WHAT NEEDS TO BE DONE: Reproduce the entries in full. Exclude all images from the copy.

RECORD EXTRACTS:

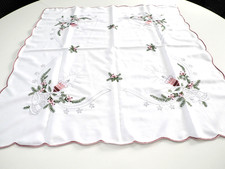  Weihnachtstischdecke / quadratisch  , Maße: 80 x 80 cm, bestickt, gebraucht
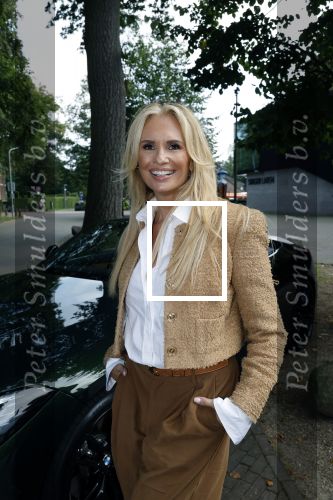 Laren 5 september 2024
Presentatie nieuwe Talkies met op de cover Leontine Ruiters  en Lonneke Nooteboom bij de Singer in Laren .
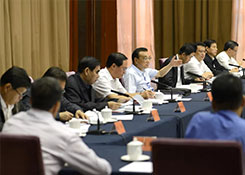 李克强：下一步要更大力度简政、减税、减费，增值税税率“三档变两档”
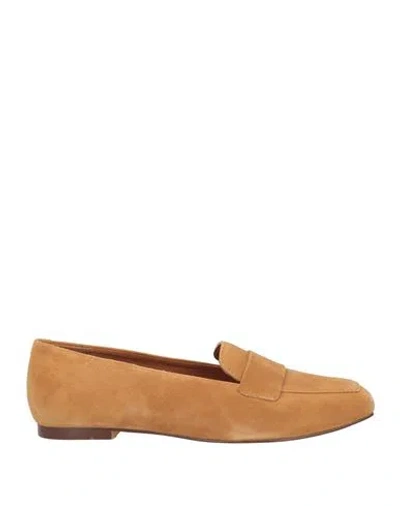 Geox Woman Loafers Camel Size 9.5 Leather In Beige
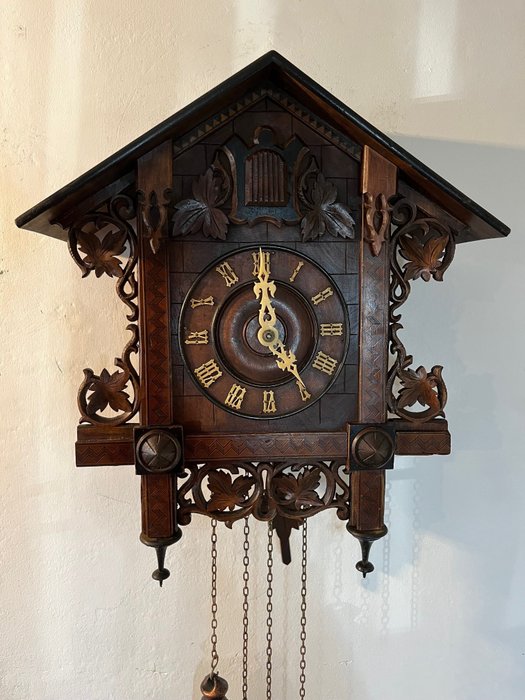 Cuckoo clock wood usato  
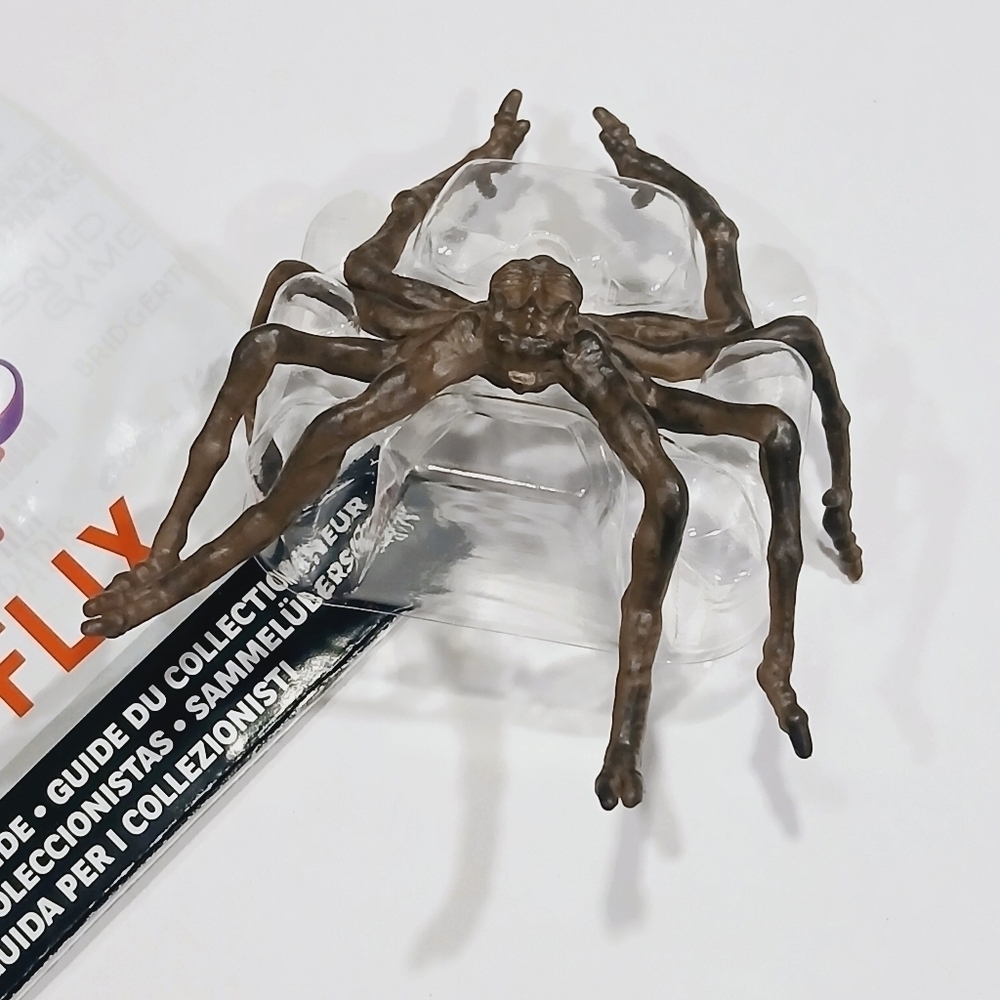 Zuru Mini Brands Netflix The Witcher Spider - Picture 3 of 4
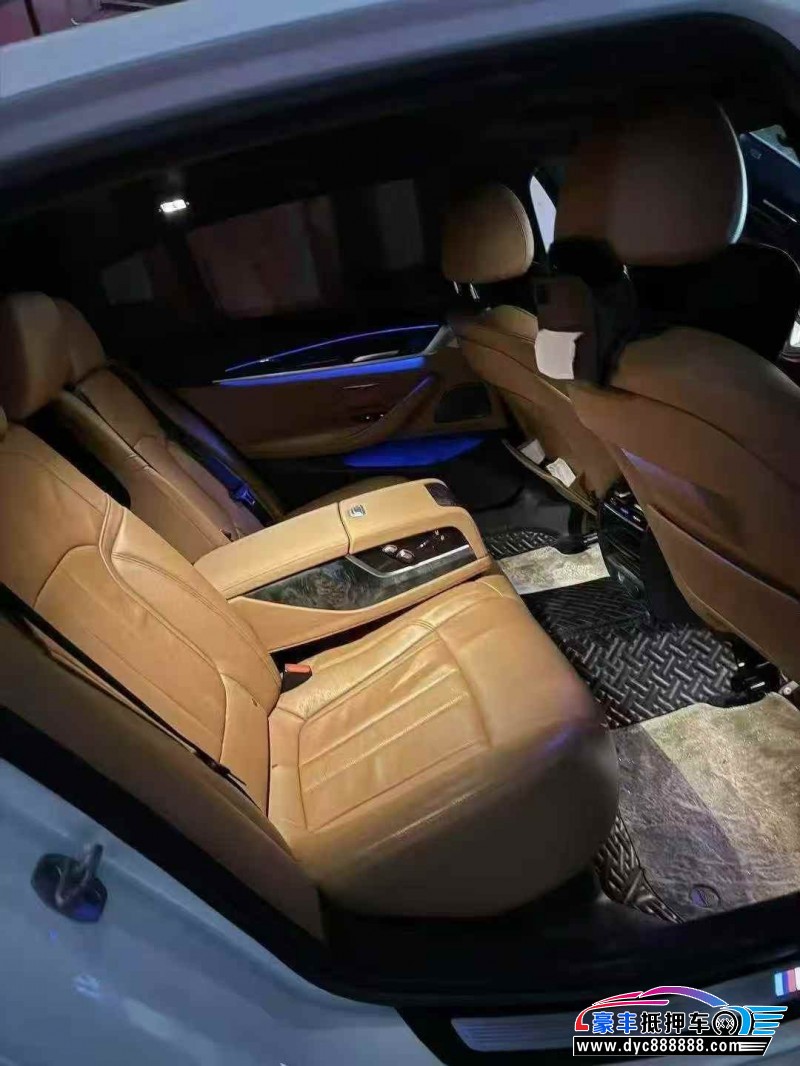 18年宝马5系轿车抵押车出售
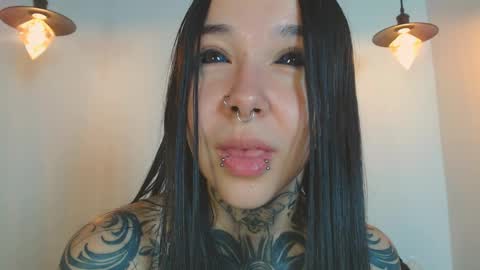 Snapshot of alien_eyes09 chatting on 04/24/26, 01:52 online show from 04/24/26, 01:52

RESULT BELOW:
  Weihnachtstischdecke / quadratisch  , Maße: 80 x 80 cm, bestickt, gebraucht
 Laren 5 september 2024
Presentatie nieuwe Talkies met op de cover Leontine Ruiters  en Lonneke Nooteboom bij de Singer in Laren .
 李克强：下一步要更大力度简政、减税、减费，增值税税率“三档变两档”
 Geox Woman Loafers Camel Size 9.5 Leather In Beige
 Cuckoo clock wood usato  
 Zuru Mini Brands Netflix The Witcher Spider - Picture 3 of 4
 18年宝马5系轿车抵押车出售
 Snapshot of alien_eyes09 chatting on 04/24/26, 01:52 online show from 04/24/26, 01:52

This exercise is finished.